[Stored data entries]
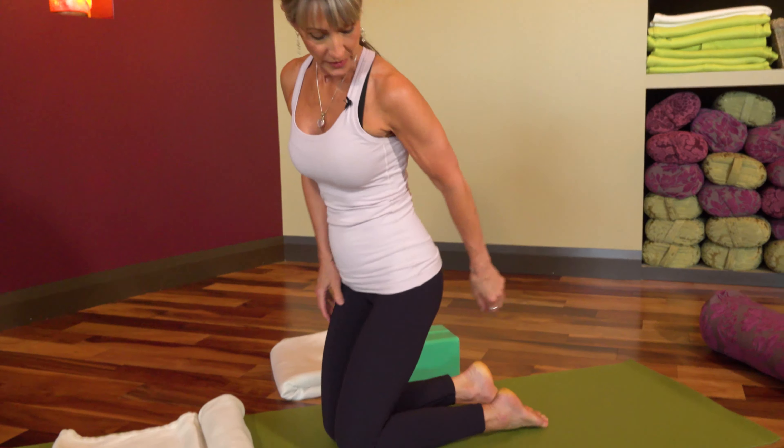Hi gang, Denise here and this is Pose of the Week. I asked for suggestions for Pose of the Week and I got them. So Brian, this one is for you — Hero Pose, Vajrasana. I happen to know Brian and I know that ankles are quite restricted. So here's how ankle restriction shows up in this pose.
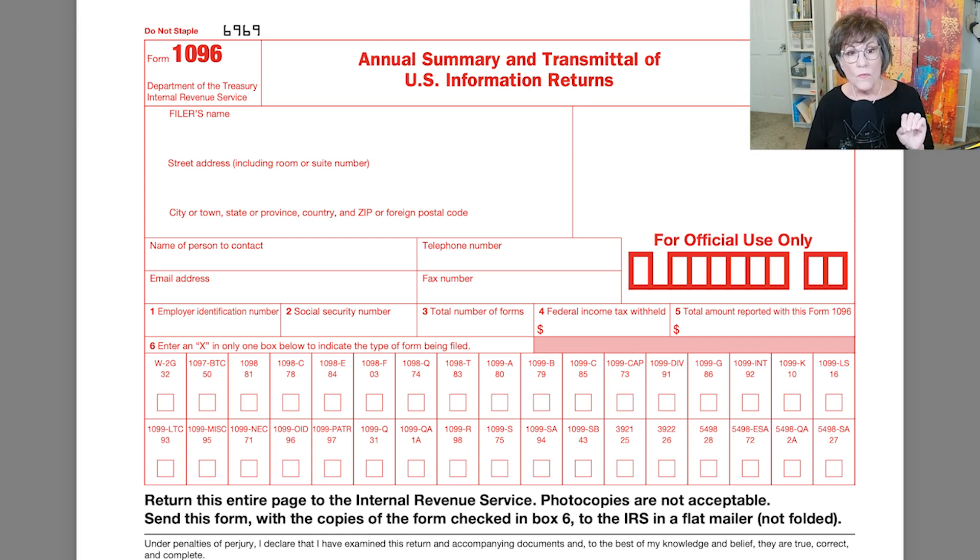But if you have four of them, this is where you're going to put it. You put the filer's name, address, the person to contact — which is you — your telephone number, your email address, fax number. And then in box one, you put your ID number or your social security number, depending on what your business ID is. And then the number of forms.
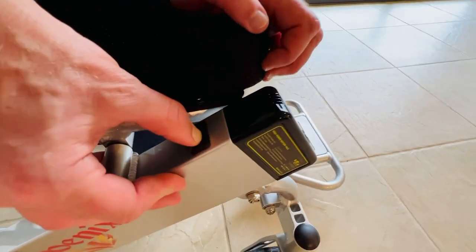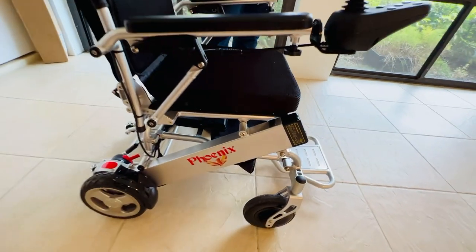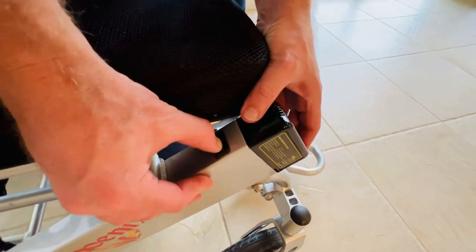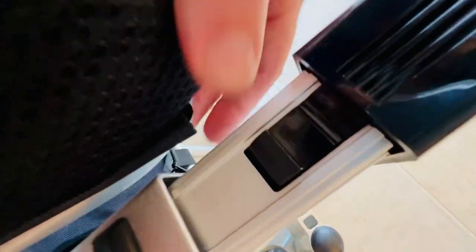There is a button, and if we zoom out a little bit, we can get a sense of the button's position on the frame of the chair. We can see that the button is right on top here. I just press that and that releases the battery. You can see the latch right there on the battery. I'm able to take the battery out — there's one battery.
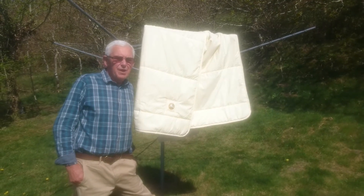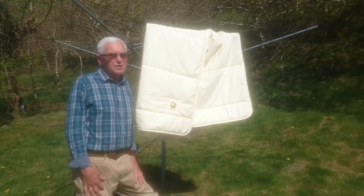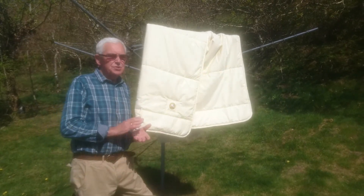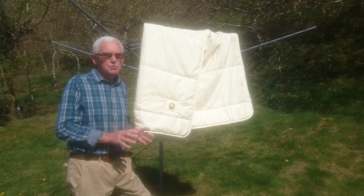Hey everyone, further news from Baavet land, fantastic weather we're having, absolutely ideal for airing your Baavet, because just remember, you don't need to wash it.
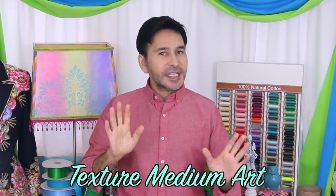Hey DIY Decorators, I'm Mark Montano and today on Make Your Mark we are making some texture medium art. We are using stencils and the new texture medium from DecoArt. Before I forget, I want you to thumbs up if you like this video and leave me a comment if you have a question about this project or you just want to say hello. Are you ready? Let's make some texture art.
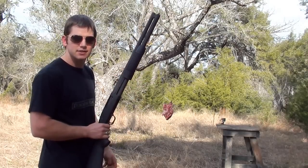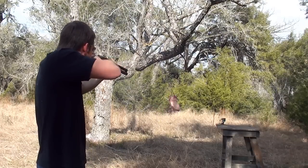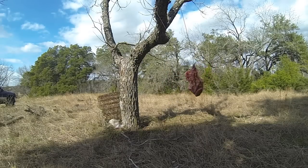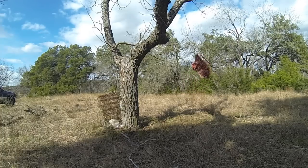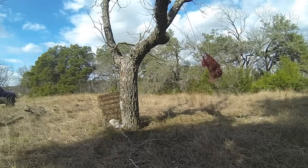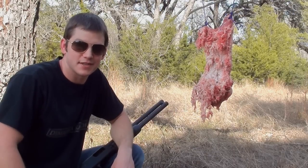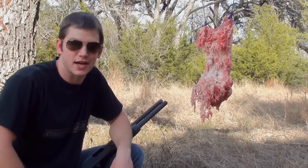This gun is loaded up — eight shells in here. Let's see what kind of damage this birdshot can do. Don't believe everything that the internet tells you. I'm pretty impressed with this birdshot. It definitely would have stopped the home invasion and I will never hesitate to put birdshot in my home defense shotgun. Thanks for watching Demolition Ranch.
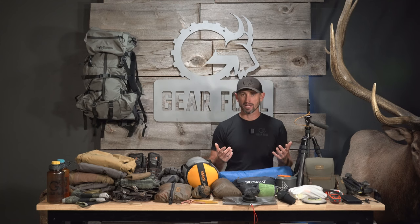Hey guys, Forrest with GearFool here and we're in the GearFool studio today. I've just came back home from an Idaho backcountry rifle mule deer hunt with my brother and this is my mid-season gear dump. For us, what that means is anywhere from October 1st through mid-November in some years. Intermountain West, specifically Idaho this year, running elevations from 5,000 to 11,000 feet, overnight lows in the mid-20s, daytime highs anywhere from the mid-40s to even the mid-50s. So those are the parameters for this type of a gear setup.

• WHAT IS EXPECTED: Repeat exactly the lines above, beginning at the one containing "Hey everyone, further" and ending at the one containing "Hey DIY Decorators, I'm". Do not carry over any pictures.

• TASK ANSWER:
Hey everyone, further news from Baavet land, fantastic weather we're having, absolutely ideal for airing your Baavet, because just remember, you don't need to wash it.
Hey DIY Decorators, I'm Mark Montano and today on Make Your Mark we are making some texture medium art. We are using stencils and the new texture medium from DecoArt. Before I forget, I want you to thumbs up if you like this video and leave me a comment if you have a question about this project or you just want to say hello. Are you ready? Let's make some texture art.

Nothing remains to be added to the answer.